Still was having issues. Turns out there was two more freaking updates that needed to download and install and once I just let that all happen, my computer is finally running at normal disk and normal speeds and honestly a little bit faster than it had been.

why are computers like this.
graydon: (Default)

[personal profile] graydon 2021-04-22 06:38 pm (UTC)(link)

why are computers like this.

People generally neglected or refused to update them. Security concerns necessitated turning on automatic updates. The update mechanism does "all the things"; there's no "some things". Thus the updates are huge, lumpy, and fragile.

(It was rhetorical, I realize. But there is a simple answer!)

graydon: (Default)

[personal profile] graydon 2021-04-23 01:07 pm (UTC)(link)

Utterly reasonable of you!

That's a deficiency of the implementation, not an inherent requirement of automatic updates.

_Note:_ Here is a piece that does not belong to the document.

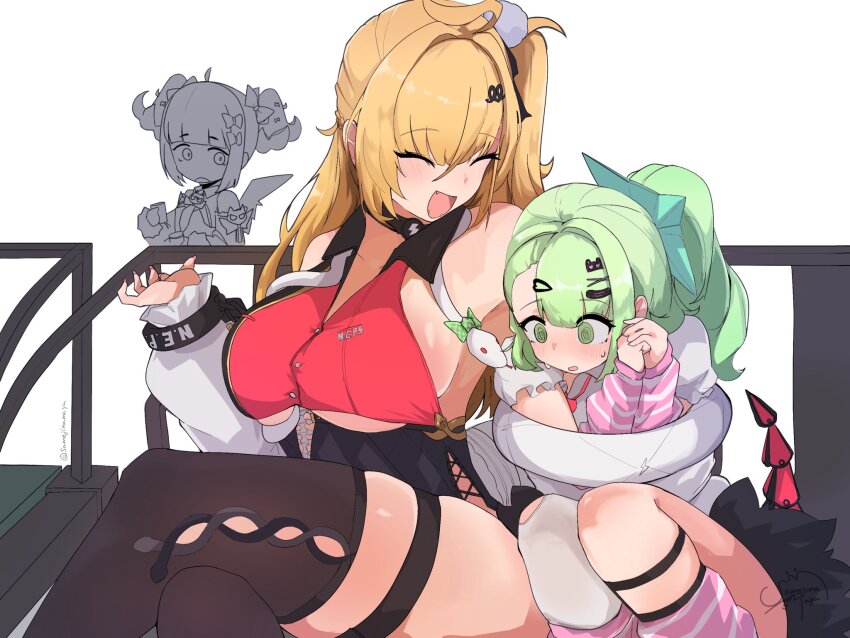 3girls, ahoge, arm_warmers, bare_shoulders, blonde_hair, blush, breasts, cissia_(zenless_zone_zero), closed_eyes, detached_sleeves, fangs, green_eyes, green_hair, hair_between_eyes, hair_ornament, highres, large_breasts, long_hair, multiple_girls, nangong_yu, necktie, open_mouth, pink_nails, red_necktie, samejimamayu, shirt, sideboob, simple_background, smile, snake, snake_tail, striped_arm_warmers, sunna_(zenless_zone_zero), tail, underboob, white_background, white_shirt, white_snake, zenless_zone_zero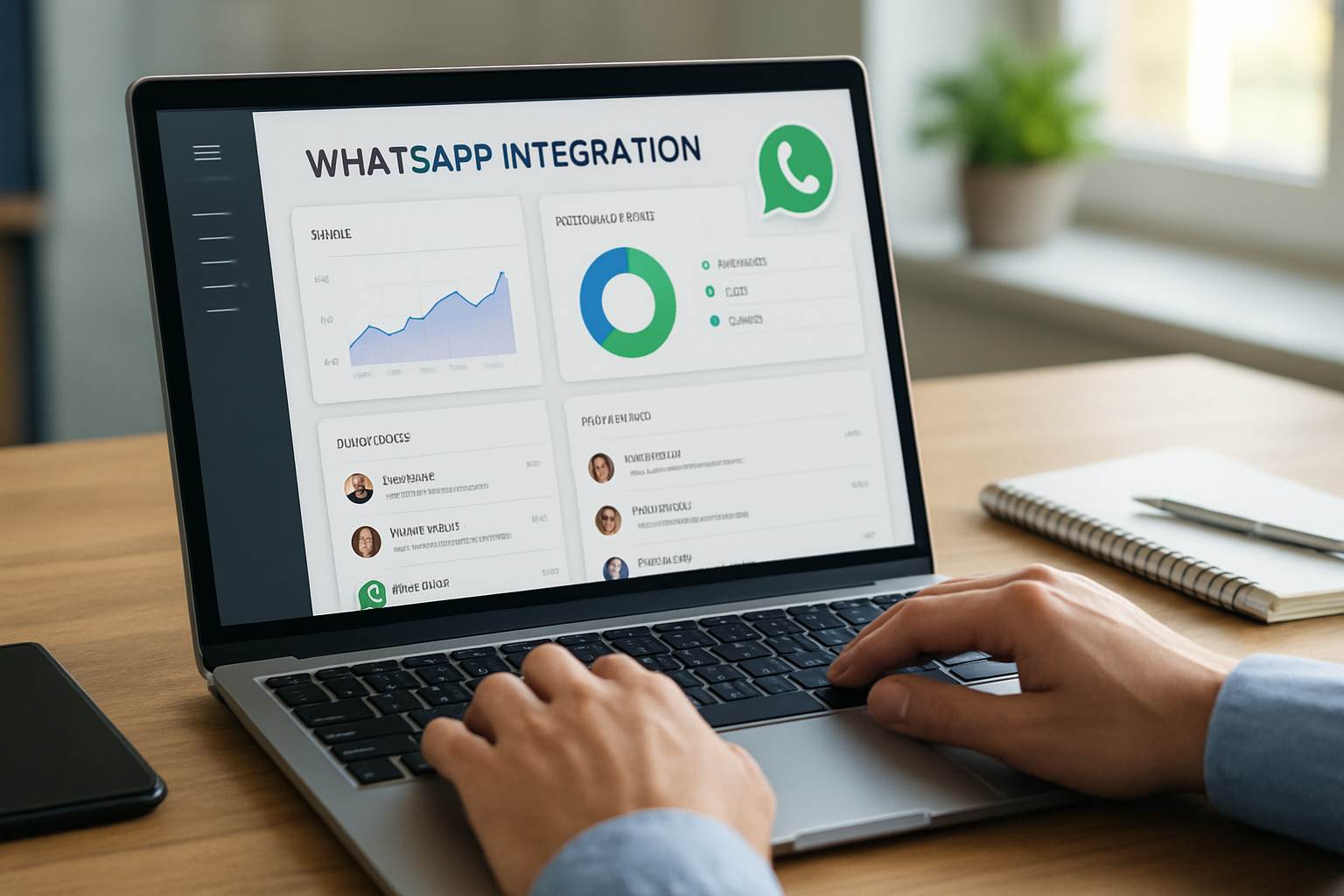 dashboard de integração whatsapp com CRM mostrando métricas de vendas e conversas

recently_folded: (Default)

[personal profile] recently_folded 2021-04-22 08:24 pm (UTC)(link)
I feel your pain. I hate to be that linux person, but the update mayhem was one of the big reasons I gave up on Windows. One too many times I went to do something pressing and instead had to spend three days rolling back, re-installing, waiting to use my own machine, etc. One of the biggest draws of Xubuntu for me was getting to look at what was going to be updated, how big it is, and then decide whether it's going to be now or later. Why computers are like this is, primarily, they don't gaf about users once they've "bought" the product.
recently_folded: (Default)

[personal profile] recently_folded 2021-04-23 03:44 pm (UTC)(link)
Well, I don't get into the guts of my OS so can't speak to that. Basically for me, Xubuntu is like, oh, maybe WinXP: settings I can fiddle with to get things to work mostly the way I want and then software that does the things I want without too much of someone getting in the way and insisting that no, I have to do something simple all weighted down with enterprise features. And a much better update system that lets you review what is on offer and schedule it for later if you need to. I used to have Xubuntu on one machine at the library in amongst the Win boxes (I put it on a donated machine that was so underpowered that it took 20 minutes to boot XP, but "donated" was our budget) and most people never even noticed. All of which isn't to try to convince you, but simply to note that the experience of using it isn't quite the bad old command-line-only days, but rather a pretty usable-out-of-the-box gui.